Simonetti: Resiliency is a muscle that you can develop. It’s about thinking through the what-ifs and how you would respond so that you are ready. So then when chaos or a crisis hits, you’re in ready mode. You don’t have to start in get-ready mode.

It’s about constantly reprioritizing, or you might even call it triaging, and then moving on. But that reprioritization has to happen all the time, and it means you can’t be too wedded to the number one priority because it might change tomorrow.

Reprioritization has to happen all the time.

It also means trying to eliminate as much decision-making as possible, and that means that you’ve automated things, you’ve put processes in place to make decisions easy, and you’ve delegated and empowered your team. Do whatever you can to make your decision-making easier by planning and being ready for whatever’s going to happen the next day.

Reimer: Have you always been comfortable in environments with a lot of uncertainty and ambiguity? 

Simonetti: I was born without a worry gene. I don’t worry about anything that I can’t control, and I try to instill that in others, too. It’s a waste of your emotional energy to worry about things that are outside of your control, and if you don’t worry about those things, then you can focus on the other things.
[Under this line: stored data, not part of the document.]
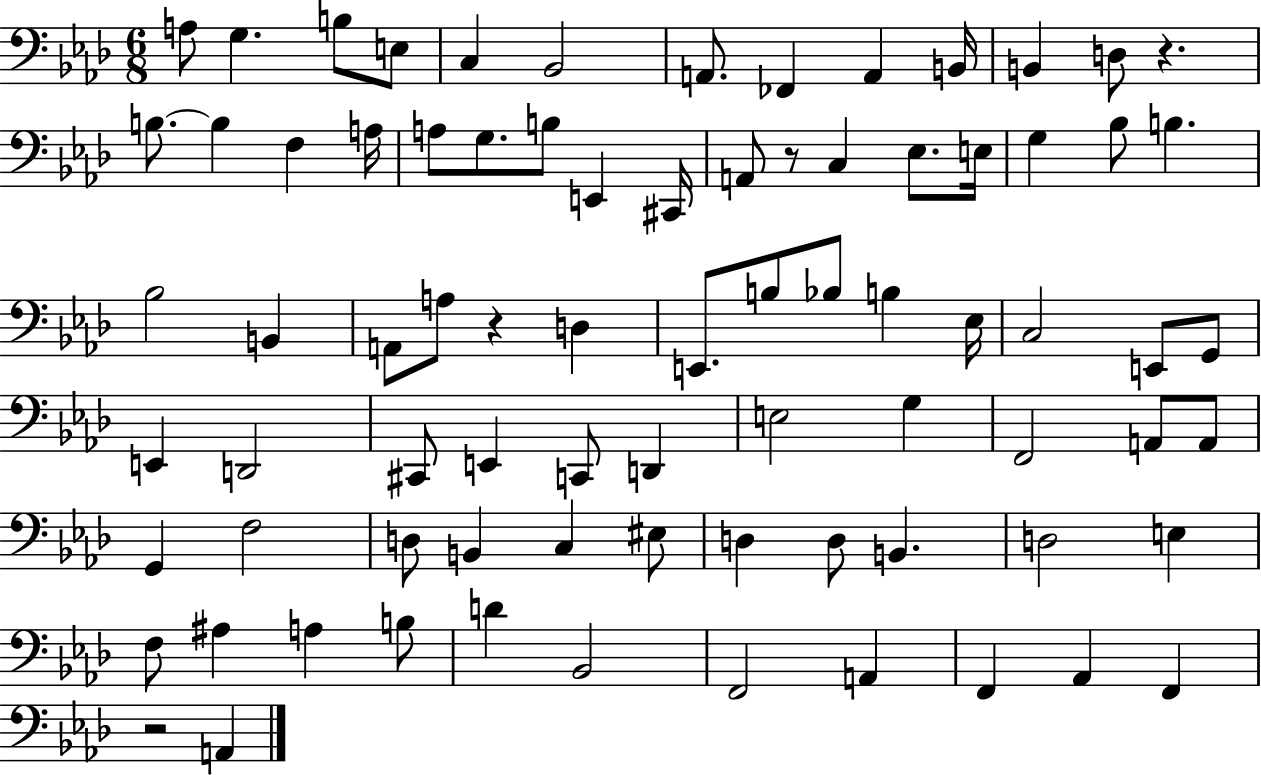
X:1
T:Untitled
M:6/8
L:1/4
K:Ab
A,/2 G, B,/2 E,/2 C, _B,,2 A,,/2 _F,, A,, B,,/4 B,, D,/2 z B,/2 B, F, A,/4 A,/2 G,/2 B,/2 E,, ^C,,/4 A,,/2 z/2 C, _E,/2 E,/4 G, _B,/2 B, _B,2 B,, A,,/2 A,/2 z D, E,,/2 B,/2 _B,/2 B, _E,/4 C,2 E,,/2 G,,/2 E,, D,,2 ^C,,/2 E,, C,,/2 D,, E,2 G, F,,2 A,,/2 A,,/2 G,, F,2 D,/2 B,, C, ^E,/2 D, D,/2 B,, D,2 E, F,/2 ^A, A, B,/2 D _B,,2 F,,2 A,, F,, _A,, F,, z2 A,,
I don’t get stressed out about much. My mother was not a worrier, and if you said you had a problem, she would say, “Well, fix it. Don’t come to me with that. Figure out the answer.” That was her approach to everything. And that’s how I treat my team too. If we make a mistake, we’ll fix it, we’ll move forward.

I do err on the side of being cool, calm, and collected and less passionate. That can be interpreted as maybe being less empathetic at times. My incredibly pragmatic approach to things means I am less emotional. That’s not always the right balance, but in times of crisis, it tends to work well.

Bryant: What are the X-factors that you’re looking for in senior talent these days?

Simonetti: The first X-factor is having a servant leadership mindset. What that really means is putting your team first and making your team successful, rather than them existing to make you successful. It means putting your ego in the back seat.

The other one is this notion of resiliency. How have they managed through difficult times? How have they managed through change? How have they managed chaos? Are they the one who can calm the room down and get people focused in the same direction, or are they spinning stuff up?

Reimer: What’s your advice to new CHROs on how to work with the board of directors?

Simonetti: First of all, the board is not managing the business, so there is a fine line for the right level of detailed data that you should give a board. Also, never show the board a problem without already having the solution or next steps. So give them the data, and then say, “Here’s what we are doing.”

Never show the board a problem without already having the solution or next steps.

It’s also about understanding their underlying interest so that you can address it. They may be really interested in the organizational health of the culture, but what is the objective? What are they doing with that information? You have to think about their objective so that you can frame how best to present the information to them.

Bryant: Let’s shift the conversation back to you personally. What were key early influences for you?

Simonetti: I was the only girl and the youngest in my family. I grew up in Ohio, in a very middle-income family. My dad was in marketing and my mom was a nurse. She didn’t cut anybody any slack, and in her mind, a busy kid was a good kid.

And if you got a B, she would ask, Why didn’t you get an A? She set high standards and held high expectations. My dad was in the background saying the B on the report card was fine. But we were all pushed to be hard workers.

I’m very outgoing, but I am an introvert. So I recharge by being alone, and as busy and as active as I was as a kid, I also did a lot of reading and I didn’t ever mind being by myself. My two older brothers weren’t the kind of brothers who were protective of me. They liked to tease me. And I probably pushed the limits on things. I was able to go on some trips when I was younger and my brothers would complain that they didn’t get to do that. And I would say to them, “Well, you didn’t ask. I asked.”